[lug] LVM and disk failure

Dan Ferris dan at usrsbin.com
Sat Jan 7 22:19:42 MST 2006


Let me give you some examples....

First is with 2 disks.  You can run with 2 seperate disks (assume
/dev/hda and /dev/hdb) you can build some LVM volumes that combine those
disks in some way.  If one disk crashes you loose your data.  LVM does
not provide fault tolerance.

Second is also with 2 disks.  You can make a RAID 0 (stripe set) that
combines both disks into a RAID array (/dev/md0).  You can then use LVM
on top of that RAID array to create several logical volumes that can be
resized up to the size of the stripe set.  I don't remember enough about
Linux RAID offhand to know if you can add disks to a RAID 0 array
without having to redo everything.  But if you wanted to add another
disk, you could add it as a standalone disk and combine it into the
LVM.  You now have a RAID 0 stripe set and a seperate drive in your LVM
setup.  If you loose a disk, your data goes bye bye.  RAID 0 is not
fault tolerant and LVM has no fault tolerance.
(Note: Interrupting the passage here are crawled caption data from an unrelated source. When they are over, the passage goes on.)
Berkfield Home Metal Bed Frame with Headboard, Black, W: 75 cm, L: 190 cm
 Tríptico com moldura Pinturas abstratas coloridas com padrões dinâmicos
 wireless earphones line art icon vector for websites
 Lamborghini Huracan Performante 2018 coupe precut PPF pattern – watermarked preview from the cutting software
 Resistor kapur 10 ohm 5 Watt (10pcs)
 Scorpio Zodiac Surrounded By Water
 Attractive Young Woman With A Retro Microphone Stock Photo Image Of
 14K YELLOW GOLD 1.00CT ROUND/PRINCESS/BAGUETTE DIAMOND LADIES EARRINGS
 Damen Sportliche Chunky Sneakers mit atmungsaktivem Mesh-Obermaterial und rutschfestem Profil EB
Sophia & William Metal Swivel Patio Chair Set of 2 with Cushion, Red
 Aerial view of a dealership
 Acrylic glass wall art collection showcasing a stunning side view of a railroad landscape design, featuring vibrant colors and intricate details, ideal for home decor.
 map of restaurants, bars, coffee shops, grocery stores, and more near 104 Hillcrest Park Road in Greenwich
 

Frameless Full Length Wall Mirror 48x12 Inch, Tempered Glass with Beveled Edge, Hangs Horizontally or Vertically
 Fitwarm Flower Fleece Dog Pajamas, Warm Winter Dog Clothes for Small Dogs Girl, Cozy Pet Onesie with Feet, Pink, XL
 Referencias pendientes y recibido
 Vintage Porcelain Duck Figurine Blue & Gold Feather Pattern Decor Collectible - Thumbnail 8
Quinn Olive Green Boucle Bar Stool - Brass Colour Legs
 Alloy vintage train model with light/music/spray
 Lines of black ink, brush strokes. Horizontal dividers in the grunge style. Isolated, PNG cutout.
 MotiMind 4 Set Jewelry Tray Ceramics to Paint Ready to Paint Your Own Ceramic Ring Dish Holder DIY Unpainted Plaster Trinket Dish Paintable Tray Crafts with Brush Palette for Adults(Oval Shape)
Third is 4 disks.  Assume you had 4 SATA drives.  You want fault
tolerance, so you make 2 RAID 1 sets (this is an example so bear with
me), RAID 1 is mirroring.  You can then combine both mirrors (/dev/md0
and /dev/md1) with LVM.  If you loose a drive your data was mirrored,
you can replace the drive and rebuild the mirror.   If I add 2 more
drives, I can mirror them and then extend my LVM volume onto the mirror.

Fourth is with 4 disks.  Assume again 4 SATA drives.  You can combine
these drives into a RAID 5 array.  You can then make an LVM volume on
top of that RAID 5 array.  You can size the volumes to your hearts
content up to the size of the RAID array.  You can add extra disks to
the LVM, but they might not be RAID (they can be anything you want).  If
a disk in the RAID 5 array crashes you replace it and keep going.  If
you had a non fault tolerant disk in your LVM that died, then you loose
your data.

Lastly is what I do at work.  I have 2 1.0 TB external SCSI RAID 5
arrays with 7 disks and 1 1.5 TB external SCSI RAID 5 array.  All three
of these arrays are combined via LVM to give me a 3.0 TB logical
volume.  If I loose a disk, I can replace it and keep right on going.  I
cannot easily increase the size of the RAID units, but I CAN add more
RAID units to my LVM.

The point is that LVM doesn't care what kind of device you are using or
about fault tolerance, it just gives you a way of putting all your
storage together in one place.  It's a higher level view of your storage
than just RAID.

Hope that helps.

Dan

Daniel Webb wrote:

>I've been Googling for the answer to this and failing, so:
>
>What happens when you have a 2-disk LVM volume group and disk 1 fails?
>Obviously this will depend on the filesystem you put on top of the volume,
>right?  So which filesystems will recover gracefully if you chop them in half
>like that?
>
>It's a little disturbing that in all the documentation I've read on LVM this
>is never mentioned, and yet it seems to destroy the main purpose of lvm: to be
>able to add and remove disks to a volume easily.  Each physical volume you add
>makes it that much more likely that you'll lose the whole thing.  Sure, you
>can put it on top of RAID, but now you lost your size flexibility because RAID
>isn't so easy to resize (or is it?).  The snapshots feature is nice, that's
>all I'll use it for until I find a satisfactory answer to this question.
>
>I also was checking out evms and it looks very interesting.  Any impressions
>from those who have used it?  Is it stable/reliable?  I didn't see anything in
>their docs either about recovering when one disk in a volume fails.